Ciascuna Parte trasmette inoltre all’altra Parte per via diplomatica gli specimen dei suoi passaporti diplomatici e di servizio nuovi o modificati, al più tardi trenta (30) giorni prima della loro introduzione.
Le Parti s’informano altresì per scritto e per via diplomatica su qualsiasi cambiamento relativo alle regole che reggono l’utilizzo dei passaporti diplomatici e di servizio.
I dati personali trasmessi in applicazione del presente Accordo sono raccolti, trattati e protetti conformemente al diritto interno. In particolare si applicano i seguenti principi:
Le controversie tra le Parti relative all’interpretazione, all’applicazione o all’attuazione del presente Accordo sono risolte in via amichevole mediante consultazioni reciproche e negoziati tra le autorità competenti delle Parti.
Di comune intesa fra le Parti, il presente Accordo può essere emendato per via diplomatica mediante scambio di note fra le Parti. Le modifiche entrano in vigore il giorno della ricezione della seconda notifica con la quale le Parti si comunicano vicendevolmente di aver espletato le necessarie formalità interne.

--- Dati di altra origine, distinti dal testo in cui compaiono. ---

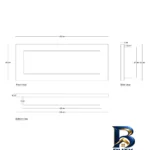 نمای کناری شومینه دیواری برقی بیستون مدل H.B_۱۵۰_L۲.bs اصل پروفایل و ساختار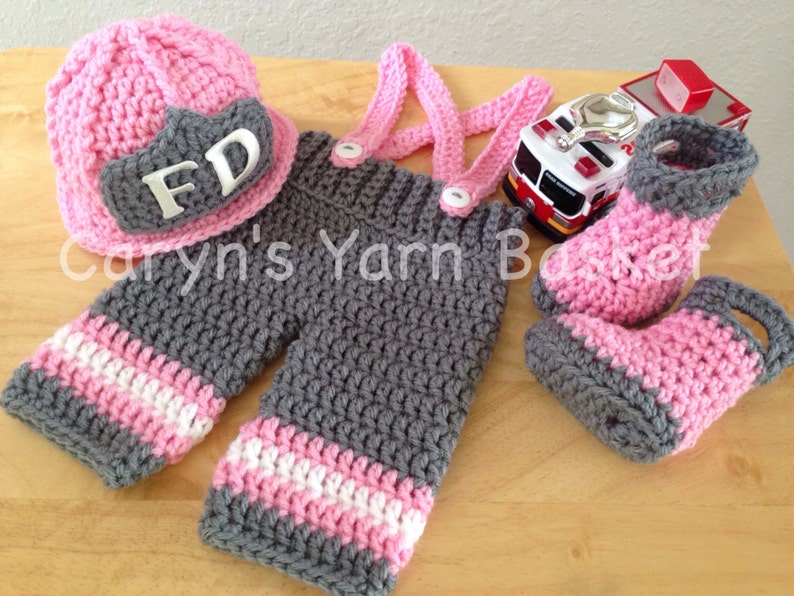 Baby Girl Firefighter Fireman Crochet Hat Outfit, 4 pc Turn Out Baby Girl Firefighter Fireman Crochet Hat Outfit, 4 pc Turn Out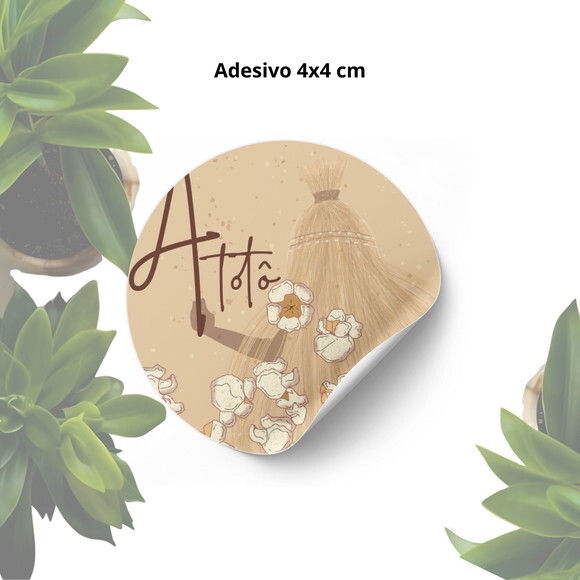 Adesivo Personalizado 4x4cm - Lembrancinha Orixá Obaluaê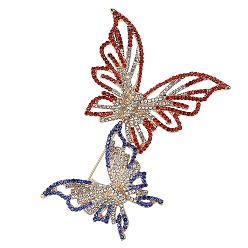 Сиамский Двойная бабочка из золотистого сплава со стразами для одежды рюкзака, Сиам, 65x47 мм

Ciascuna Parte si riserva il diritto di sospendere integralmente o parzialmente il presente Accordo per motivi di ordine pubblico e per tutelare la sanità pubblica e interessi in materia di sicurezza.
La sospensione, unitamente ai motivi, è notificata all’altra Parte per scritto per via diplomatica ed entra in vigore non appena l’altra Parte riceve la notifica scritta.
La Parte che ha sospeso l’Accordo revoca quanto prima la sospensione per via diplomatica mediante notifica scritta all’altra Parte.
Il presente Accordo entra in vigore il novantesimo (90°) giorno dalla data della firma e resta in vigore per una durata indeterminata, salvo se è denunciato conformemente al paragrafo (2).
Ciascuna Parte può denunciare il presente accordo per via diplomatica mediante notifica scritta con preavviso di novanta (90) giorni.
In fede di che , i sottoscritti, debitamente autorizzati dai rispettivi Governi, hanno firmato il presente Accordo in duplice copia nelle lingue tedesca e inglese, ciascun testo facente parimenti fede.
Fatto a Città del Capo il 3 giugno 2010.